# Problem requirements:
The lines below starting at the line containing "Resmi 5, ini" and ending at the line containing "French Toast Recipes" are to be repeated exactly, with both ends kept and nothing else added.

# # # # #

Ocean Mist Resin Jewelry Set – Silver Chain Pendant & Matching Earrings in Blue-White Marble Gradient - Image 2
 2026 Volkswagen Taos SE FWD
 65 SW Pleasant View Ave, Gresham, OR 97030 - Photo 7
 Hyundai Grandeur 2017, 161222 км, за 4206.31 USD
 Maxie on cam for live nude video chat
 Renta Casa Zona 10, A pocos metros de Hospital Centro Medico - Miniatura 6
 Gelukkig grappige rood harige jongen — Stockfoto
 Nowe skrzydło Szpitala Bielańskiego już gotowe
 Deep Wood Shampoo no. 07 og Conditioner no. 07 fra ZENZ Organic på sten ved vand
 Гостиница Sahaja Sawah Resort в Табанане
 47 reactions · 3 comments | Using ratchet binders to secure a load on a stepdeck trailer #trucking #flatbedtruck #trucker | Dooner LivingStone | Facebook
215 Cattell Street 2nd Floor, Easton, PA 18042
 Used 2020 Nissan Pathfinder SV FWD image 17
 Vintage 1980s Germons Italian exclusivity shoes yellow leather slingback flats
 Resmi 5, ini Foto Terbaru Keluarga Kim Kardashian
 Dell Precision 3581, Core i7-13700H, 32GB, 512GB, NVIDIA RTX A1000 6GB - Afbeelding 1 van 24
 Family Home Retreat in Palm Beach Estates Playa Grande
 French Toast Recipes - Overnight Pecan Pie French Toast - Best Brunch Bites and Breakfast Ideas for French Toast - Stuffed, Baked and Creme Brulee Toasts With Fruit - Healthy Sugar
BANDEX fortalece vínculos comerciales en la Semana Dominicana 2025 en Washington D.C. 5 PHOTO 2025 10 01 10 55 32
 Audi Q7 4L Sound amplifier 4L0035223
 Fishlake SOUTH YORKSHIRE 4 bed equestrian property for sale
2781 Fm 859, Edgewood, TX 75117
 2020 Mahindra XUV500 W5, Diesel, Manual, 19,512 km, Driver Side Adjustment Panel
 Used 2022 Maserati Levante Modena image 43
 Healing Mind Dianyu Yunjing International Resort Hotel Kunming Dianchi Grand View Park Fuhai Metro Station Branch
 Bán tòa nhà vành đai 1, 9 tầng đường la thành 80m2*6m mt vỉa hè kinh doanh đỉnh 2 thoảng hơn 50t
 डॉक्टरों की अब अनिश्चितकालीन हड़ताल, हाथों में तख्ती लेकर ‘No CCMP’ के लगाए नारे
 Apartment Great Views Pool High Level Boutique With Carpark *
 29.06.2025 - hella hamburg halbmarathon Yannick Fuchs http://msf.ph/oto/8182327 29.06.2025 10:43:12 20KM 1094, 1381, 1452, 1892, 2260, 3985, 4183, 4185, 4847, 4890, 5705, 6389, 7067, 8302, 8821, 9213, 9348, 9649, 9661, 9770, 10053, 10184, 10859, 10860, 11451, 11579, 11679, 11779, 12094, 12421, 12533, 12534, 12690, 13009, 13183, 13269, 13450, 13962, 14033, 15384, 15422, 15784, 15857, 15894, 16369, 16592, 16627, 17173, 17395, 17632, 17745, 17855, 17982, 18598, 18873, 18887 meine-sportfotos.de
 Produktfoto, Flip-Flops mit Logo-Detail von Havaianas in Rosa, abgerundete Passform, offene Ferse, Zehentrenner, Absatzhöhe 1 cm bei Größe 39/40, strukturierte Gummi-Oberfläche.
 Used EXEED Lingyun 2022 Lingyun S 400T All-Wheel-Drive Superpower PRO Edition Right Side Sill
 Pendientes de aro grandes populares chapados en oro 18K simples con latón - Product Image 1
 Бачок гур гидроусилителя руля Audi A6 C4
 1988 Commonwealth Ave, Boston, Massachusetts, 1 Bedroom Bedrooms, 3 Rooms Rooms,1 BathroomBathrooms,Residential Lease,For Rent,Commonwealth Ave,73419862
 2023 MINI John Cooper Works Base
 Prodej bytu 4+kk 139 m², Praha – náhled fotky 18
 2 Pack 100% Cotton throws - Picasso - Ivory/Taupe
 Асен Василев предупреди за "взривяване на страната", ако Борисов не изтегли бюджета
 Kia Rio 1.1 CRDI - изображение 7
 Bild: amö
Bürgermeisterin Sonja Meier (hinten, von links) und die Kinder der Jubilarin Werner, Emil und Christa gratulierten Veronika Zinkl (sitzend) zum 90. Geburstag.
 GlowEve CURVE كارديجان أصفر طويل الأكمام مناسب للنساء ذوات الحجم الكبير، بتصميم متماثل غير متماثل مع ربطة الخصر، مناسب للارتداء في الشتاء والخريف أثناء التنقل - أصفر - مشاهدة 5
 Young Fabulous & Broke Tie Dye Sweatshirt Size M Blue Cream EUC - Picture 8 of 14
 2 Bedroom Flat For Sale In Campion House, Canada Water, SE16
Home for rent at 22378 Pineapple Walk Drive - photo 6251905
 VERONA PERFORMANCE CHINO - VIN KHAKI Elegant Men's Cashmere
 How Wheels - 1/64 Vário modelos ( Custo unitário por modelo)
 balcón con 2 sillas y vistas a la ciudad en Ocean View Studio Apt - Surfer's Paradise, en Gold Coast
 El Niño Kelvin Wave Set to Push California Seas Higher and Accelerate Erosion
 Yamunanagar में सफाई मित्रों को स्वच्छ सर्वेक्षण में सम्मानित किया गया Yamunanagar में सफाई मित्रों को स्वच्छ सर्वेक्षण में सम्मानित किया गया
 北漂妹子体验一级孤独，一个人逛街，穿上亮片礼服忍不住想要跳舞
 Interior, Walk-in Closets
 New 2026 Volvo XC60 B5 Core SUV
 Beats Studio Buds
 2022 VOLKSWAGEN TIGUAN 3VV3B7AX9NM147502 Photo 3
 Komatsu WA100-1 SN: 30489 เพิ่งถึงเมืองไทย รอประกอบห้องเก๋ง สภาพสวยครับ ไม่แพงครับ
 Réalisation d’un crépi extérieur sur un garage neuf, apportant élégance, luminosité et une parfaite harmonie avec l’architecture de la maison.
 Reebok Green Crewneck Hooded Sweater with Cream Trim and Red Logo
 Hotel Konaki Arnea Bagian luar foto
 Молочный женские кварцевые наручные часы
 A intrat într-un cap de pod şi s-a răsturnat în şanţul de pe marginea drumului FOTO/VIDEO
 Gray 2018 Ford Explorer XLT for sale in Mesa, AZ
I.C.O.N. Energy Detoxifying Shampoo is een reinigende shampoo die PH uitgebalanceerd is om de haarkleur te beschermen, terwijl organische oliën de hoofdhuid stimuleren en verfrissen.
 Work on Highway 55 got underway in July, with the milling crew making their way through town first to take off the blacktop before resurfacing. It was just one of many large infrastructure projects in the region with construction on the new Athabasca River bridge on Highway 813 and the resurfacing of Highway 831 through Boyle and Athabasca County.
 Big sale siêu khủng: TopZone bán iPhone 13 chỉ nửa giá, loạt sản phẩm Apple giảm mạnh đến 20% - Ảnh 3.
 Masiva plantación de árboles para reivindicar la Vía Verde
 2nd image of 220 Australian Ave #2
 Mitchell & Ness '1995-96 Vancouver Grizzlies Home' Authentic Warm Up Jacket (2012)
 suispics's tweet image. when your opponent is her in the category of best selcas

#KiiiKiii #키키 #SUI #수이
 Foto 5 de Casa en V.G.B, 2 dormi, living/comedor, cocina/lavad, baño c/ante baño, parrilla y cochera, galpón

# # # # #

# Result:
 Resmi 5, ini Foto Terbaru Keluarga Kim Kardashian
 Dell Precision 3581, Core i7-13700H, 32GB, 512GB, NVIDIA RTX A1000 6GB - Afbeelding 1 van 24
 Family Home Retreat in Palm Beach Estates Playa Grande
 French Toast Recipes - Overnight Pecan Pie French Toast - Best Brunch Bites and Breakfast Ideas for French Toast - Stuffed, Baked and Creme Brulee Toasts With Fruit - Healthy Sugar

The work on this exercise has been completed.